[Short text fragments from websites]
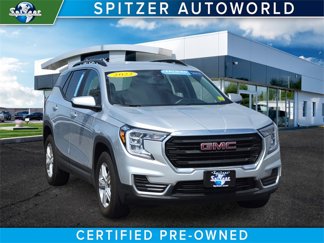 Certified 2022 GMC Terrain SLE w/ Driver Convenience Package image 1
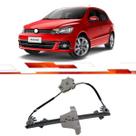 Maquina Vidro Elétrico Dianteira Ld Gol G6 G7 2P Saveiro G5 G6 G7 Fix Original Sem Motor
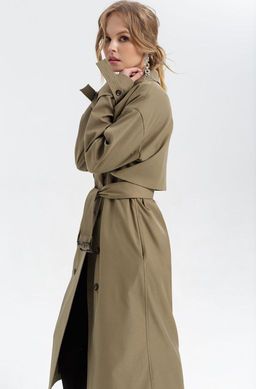 Плащ Pirs 2805 хаки  фото 3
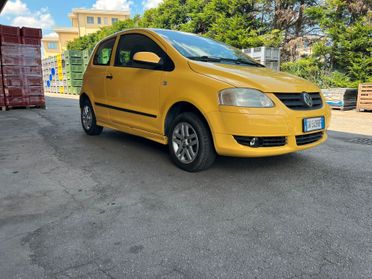 Volkswagen Fox 1.4 Sport Bifuel GPL – 75 CV, 2009, Ottimi Consumi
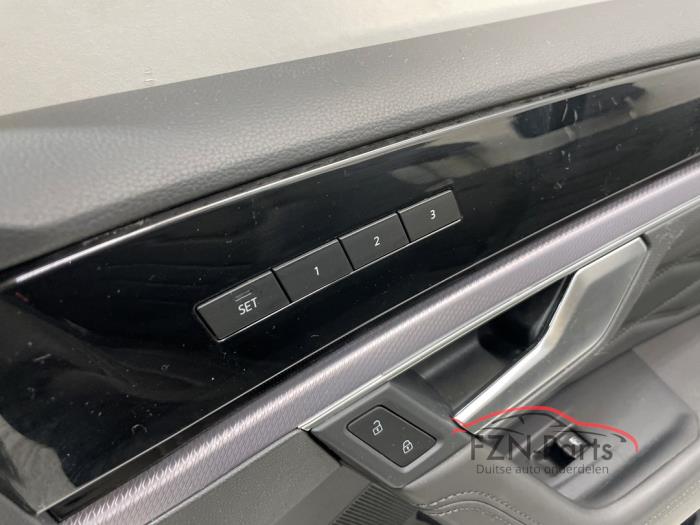 VW Touareg 760 R-Line Interieur Compleet memory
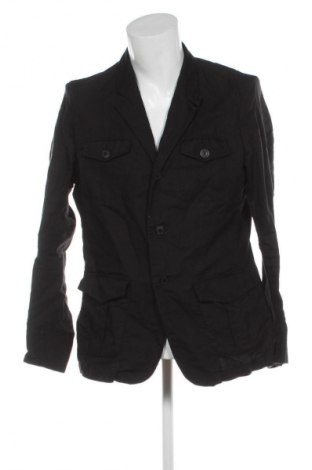 Pánské sako  H&M, Velikost L, Barva Černá, Cena  129,00 Kč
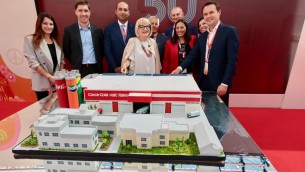 Coca-Cola, Hbc Italia celebra i primi 50 anni della fabbrica di Marcianise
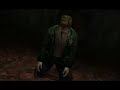 Silent Hill 2 Cutscenes 71 - Two Pyramid Head, Maria, Hotel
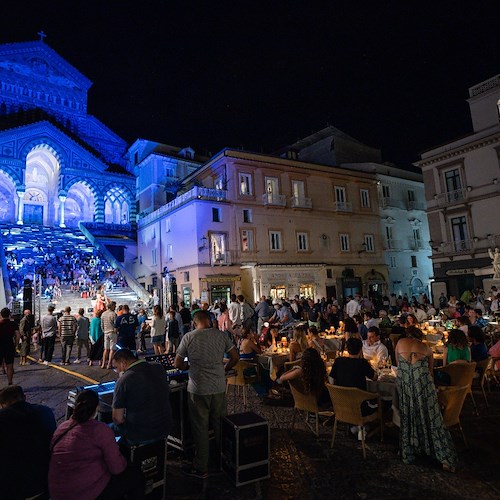 Amalfi Summer Fest, ecco il programma eventi dell’estate 2022 tra musica e teatro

__Task__:
Print out each record exactly as shown, but keep the pictures out.

__Your solution__:
 Certified 2022 GMC Terrain SLE w/ Driver Convenience Package image 1
 Maquina Vidro Elétrico Dianteira Ld Gol G6 G7 2P Saveiro G5 G6 G7 Fix Original Sem Motor
 Плащ Pirs 2805 хаки  фото 3
 Volkswagen Fox 1.4 Sport Bifuel GPL – 75 CV, 2009, Ottimi Consumi
 VW Touareg 760 R-Line Interieur Compleet memory
 Pánské sako  H&M, Velikost L, Barva Černá, Cena  129,00 Kč
 Coca-Cola, Hbc Italia celebra i primi 50 anni della fabbrica di Marcianise
 Silent Hill 2 Cutscenes 71 - Two Pyramid Head, Maria, Hotel
 Amalfi Summer Fest, ecco il programma eventi dell’estate 2022 tra musica e teatro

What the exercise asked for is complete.